Multiple regex matches
I know I have written this code multiple times from scratch so I will blog it here for perpetuity (and some smarter people than me can suggest better solutions).
The problem is that I want to write a regex with a capturing group, then run it on a bunch of text and get back all the captured groups from all the matches. The best way I can figure out how to do this is:
public static List getMatches(Pattern pattern, String text) {
List matches = new ArrayList();
Matcher m = pattern.matcher(text);
int index = 0;
while(m.find(index)) {
matches.add(m.group(1));
index = m.end();
}
return matches;
}
This code is assuming that the pattern has exactly one capture group.
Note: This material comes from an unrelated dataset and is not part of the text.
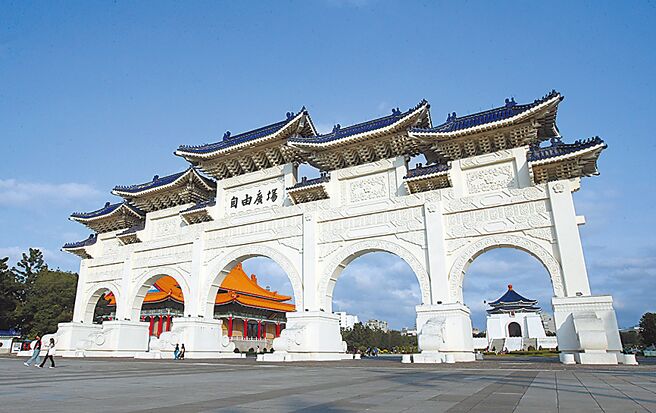 立法院「国会愿景规画谘询委员会」第六次会议，并评选出中正纪念堂园区等6处优先考虑的扩建基地，而纪念堂堂体是否拆除的敏感议题再度浮上台面。（范扬光摄）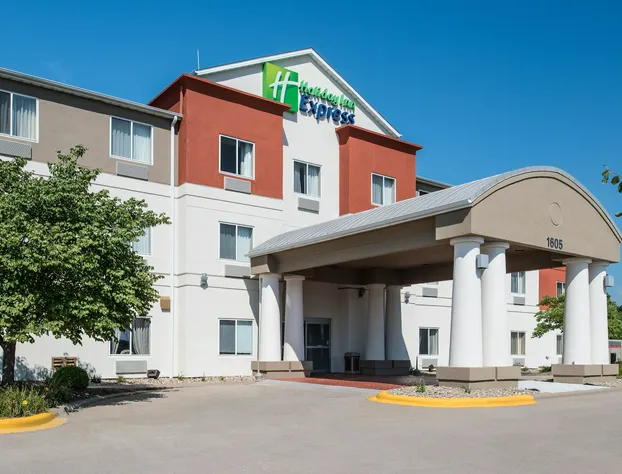Holiday Inn Express Hotel & Suites Burlington by IHG hotel detail image 2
It could be extended to handle multiple capture groups pretty easily.
So an example might be that I have some text (say a file of phone numbers) and I want to match each phone number and return all the area codes (just the area codes). So, the text might be:
Albert Pujols 111-456-7890
Darth Vader 222-123-4567
Carrot Top 333-123-4444
And the answer should be 111, 222, and 333. So, you’d do something like this with my method:
Pattern p = Pattern.compile("([0-9]{3})-[0-9]{3}-[0-9]{4}");
String text = "Albert Pujols\t111-456-7890\nDarth Vader\t222-123-4567\nCarrot Top\t333-123-4444\n";
List matches = RegexUtil.getMatches(p, text);
This works great for me. Is there a better way to do this? Is there some magical option on the regex pattern itself to avoid doing the loop?

Hi! My name is Alex Miller and I live in St. Louis. I write code for a living and currently work for
This seems to work just as well:
public static List getMatches(Pattern pattern, String text) {
List matches = new ArrayList();
Matcher m = pattern.matcher(text);
while(m.find()) { matches.add(m.group(1)); }
return matches;
}
Thanks! That’s better. As the Pattern javadoc says near the end (didn’t read that far before given that it’s mentioning the behavior of Matcher), find() starts where the last find match ended.